The first source of data as a factory, by creating large written records for large language models to train on, is the printing press. Recently, I completed a digital archiving project where we went through and digitized documents and texts from the 1500s. I noticed that the consistent format of those early printed works is the reason AI can process them today. Knowledge was built up by replicating scientific advances globally instead of being lost over time. And as such, this cumulative knowledge creation provided a large amount of human knowledge for AI to be programmed to use to reason. The printing press moved data from a delicate oral tradition to a durable and scalable way to store information, which later served as the basis for digital data, which AI will use to recognize patterns through its dataset.

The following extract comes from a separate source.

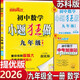 2026恩波教育初中小題狂做提優(yōu)版九年級(jí)全一冊(cè)數(shù)學(xué)蘇科版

The printing press didn't just scale knowledge by making it more available to the masses, but allowed information to accumulate, in scale, over time. Modern AI systems are "intelligent" because they can access so much accumulated information and analyse layers of historical knowledge for context, instead of simply spitting out answers from the most recent source on a topic. It's important to note that without the printing press, technology and artificial intelligence would have taken much longer to develop in the first place. The scale and breadth of knowledge that printing made available, is how written information and languages could be standardised, and without that, it would've been very difficult to create the programming languages used today to build AI software.
The printing press fueled knowledge scaling, and its impact on artificial intelligence is seen in how information accessibility transformed intellectual development. The widespread availability of printed materials allowed knowledge to spread faster, paving the way for formalized databases and structured information processing systems. This shift was crucial for AI, where vast, organized data is the foundation of algorithms. For example, the formation of digital libraries in the 1990s was a direct evolution from the information-sharing revolution initiated by the printing press.
The printing press normalized scalable knowledge distribution. Before it, information was scarce and manual. AI systems rely on structured, repeatable knowledge pools. The cultural expectation that information can be replicated, indexed, and accessed at scale began with print standardization. Without that shift, algorithmic learning ecosystems would lack precedent.